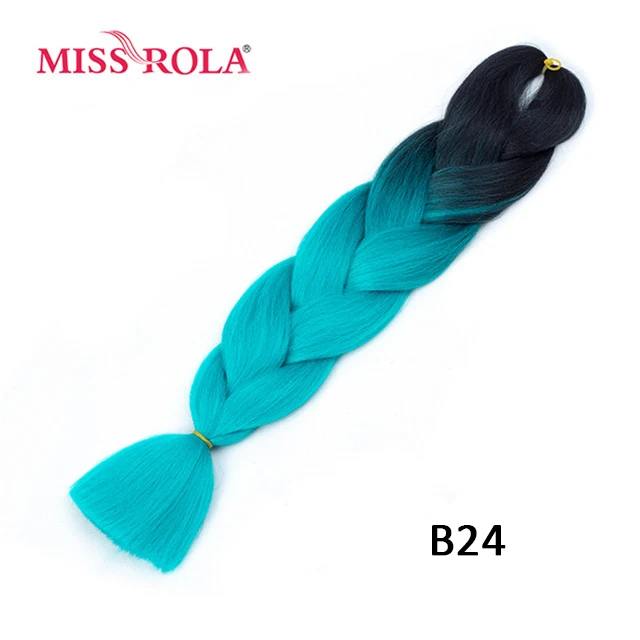 Miss Rola Synthetic Support Wholesale 100g 24 Inch Jumbo BraidsPink Green Yellow High Temperature Fiber Ombre Hair Extensions B24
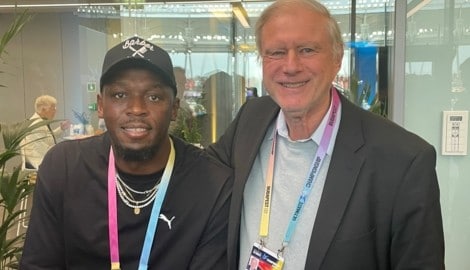 Usain Bolt mit Olaf Brockmann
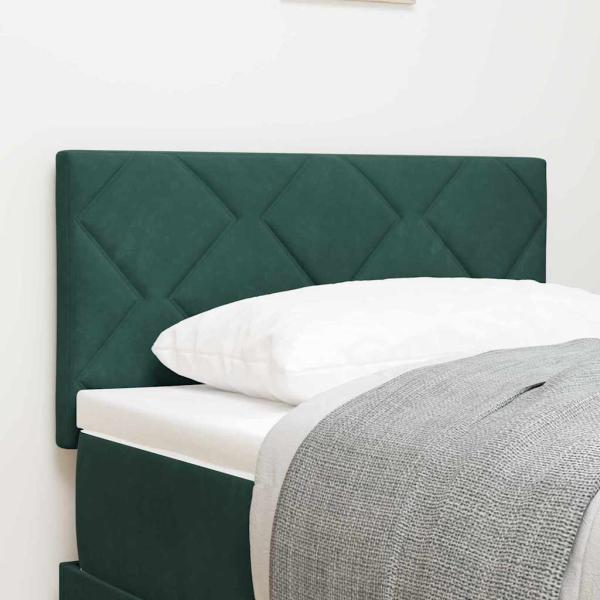 ARDEBO.de - LED Kopfteil Diamantblock Design Dunkelgrün 80 cm Samt
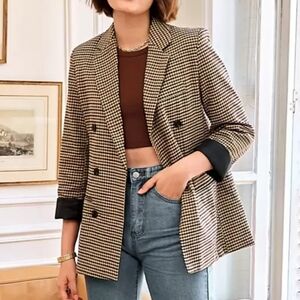 Classic Houndstooth Women's Blazer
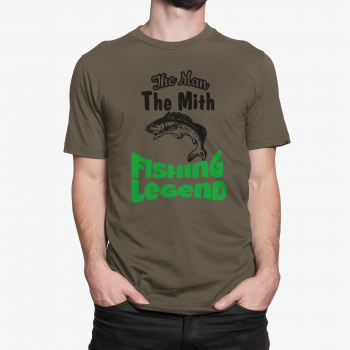 Tricou personalizat Fishing Legend kaki L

§ REQUIRED ACTION
Would you reproduce the lines above exactly, without carrying over the pictures?

§ RESPONSE AREA
 Miss Rola Synthetic Support Wholesale 100g 24 Inch Jumbo BraidsPink Green Yellow High Temperature Fiber Ombre Hair Extensions B24
 Usain Bolt mit Olaf Brockmann
 ARDEBO.de - LED Kopfteil Diamantblock Design Dunkelgrün 80 cm Samt
 Classic Houndstooth Women's Blazer
 Tricou personalizat Fishing Legend kaki L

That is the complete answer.